→ **Work to complete**
Beginning with the line where "Stunning Beach House" appears, restate each line word for word until the data ends. Pictures do not go in.

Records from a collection
● ● ● ● ● ● ●

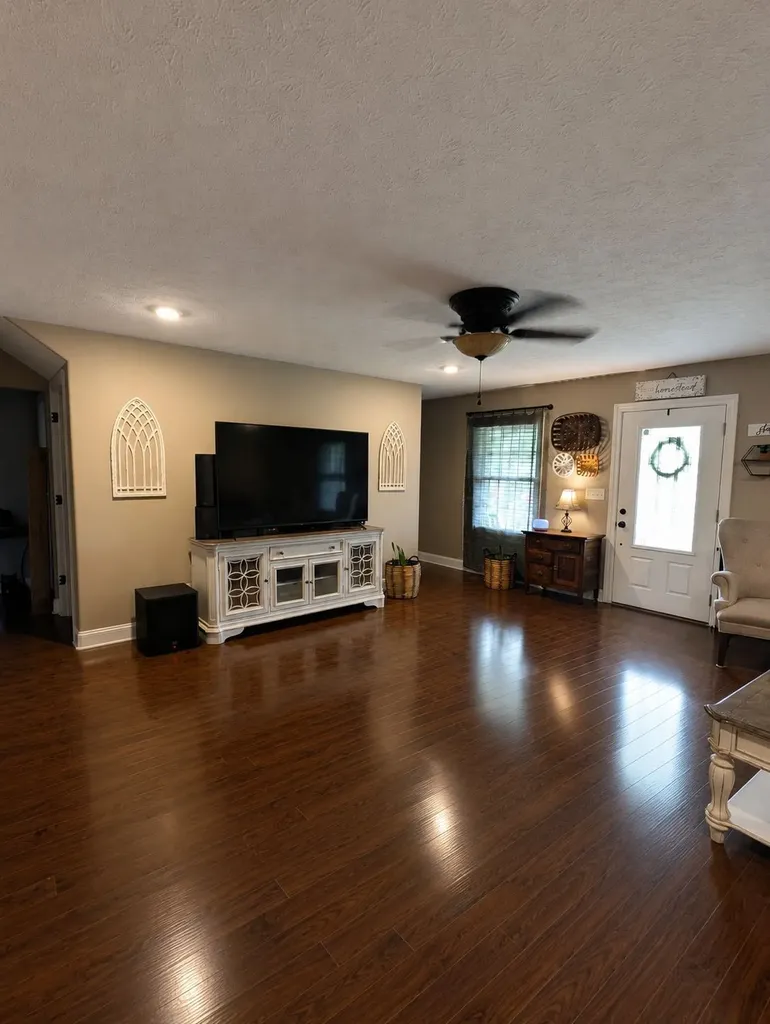 147 Hogans Creek Road Carthage TN 37030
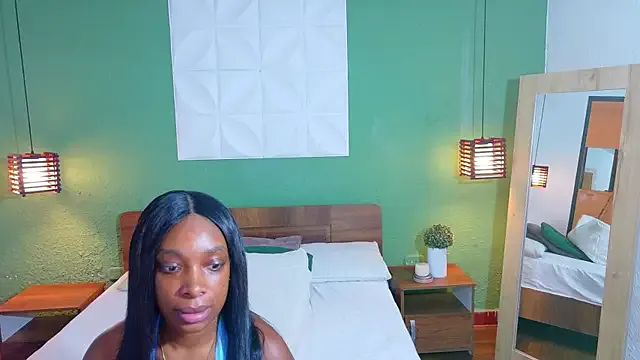 Shamiraa_moore — Sexy dance naked  + oil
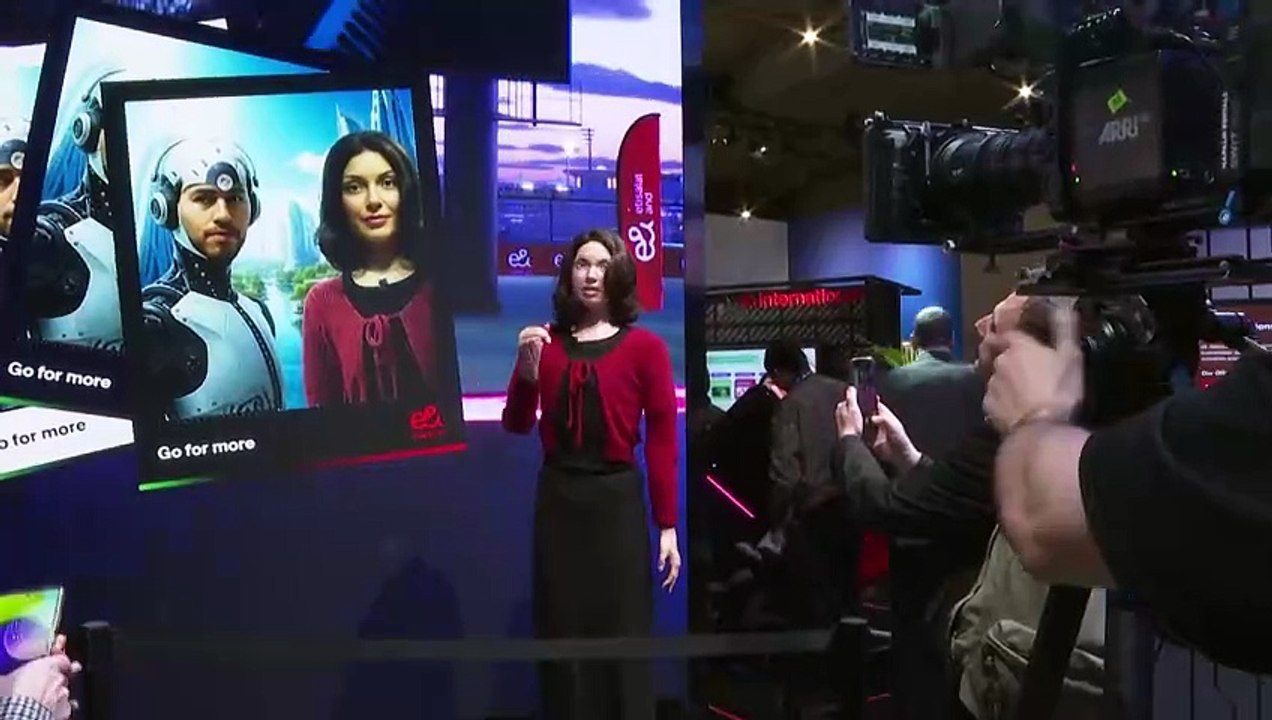 Del teléfono camaleón al robot hiperrealista, las novedades destacadas del MWC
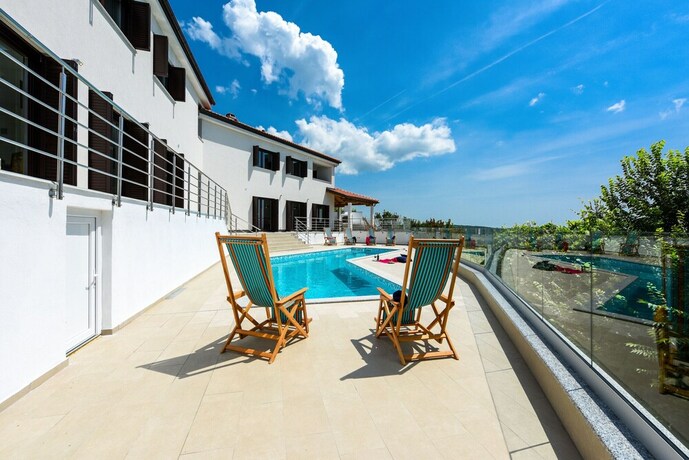 Imagen general del Hotel Villa Lubey in Ljubac. Foto 17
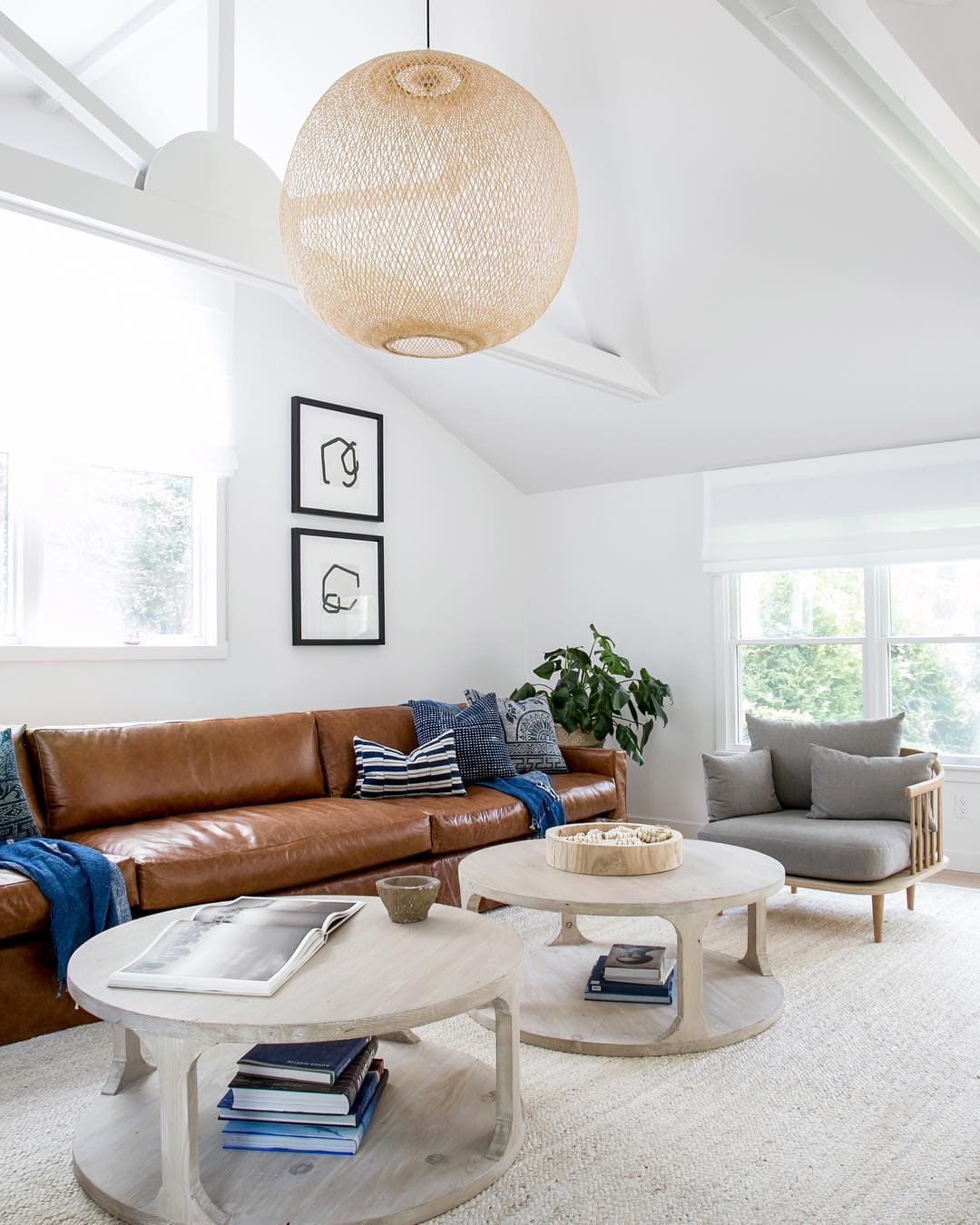 Stunning Beach House Living Room Designs - 75
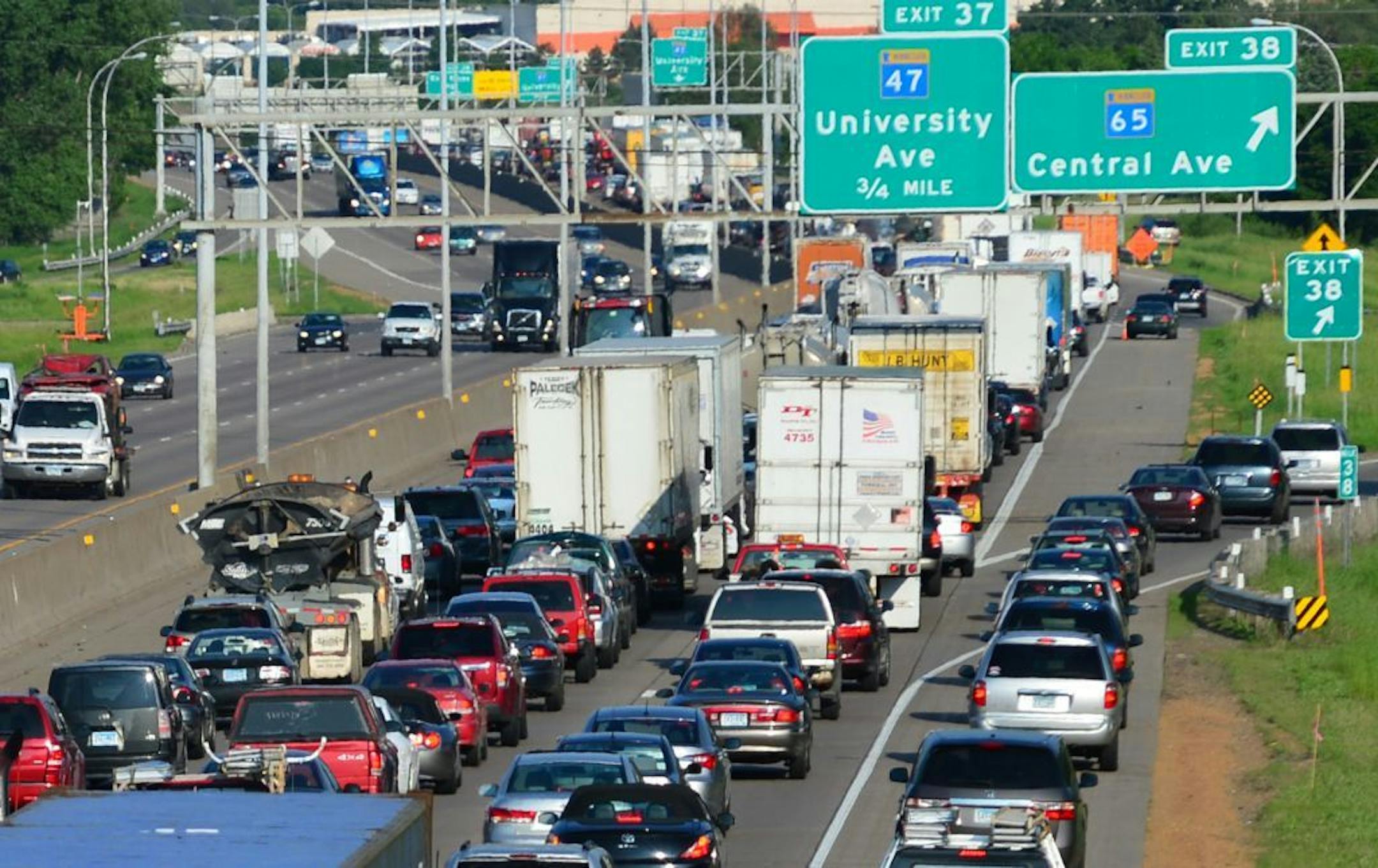 694 west bound was backed up at a near standstill during rush hour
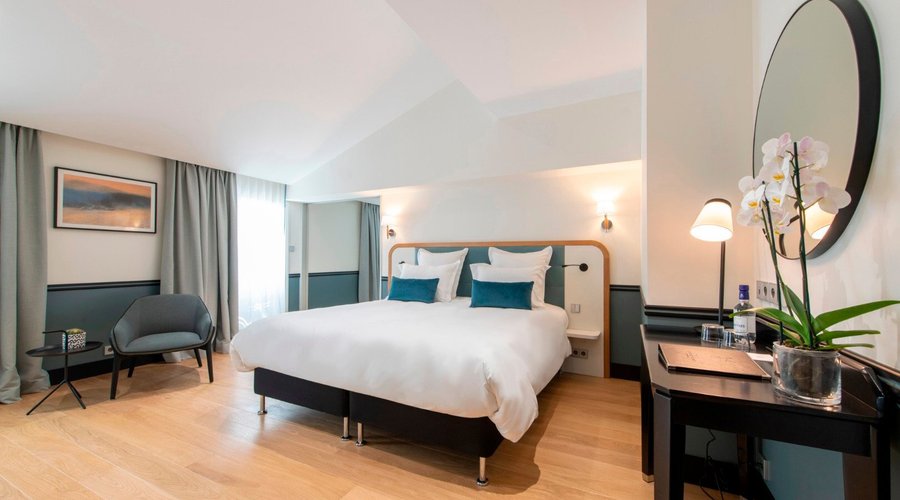 Signature suite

● ● ● ● ● ● ●

→ **Exercise answer**
 Stunning Beach House Living Room Designs - 75
 694 west bound was backed up at a near standstill during rush hour
 Signature suite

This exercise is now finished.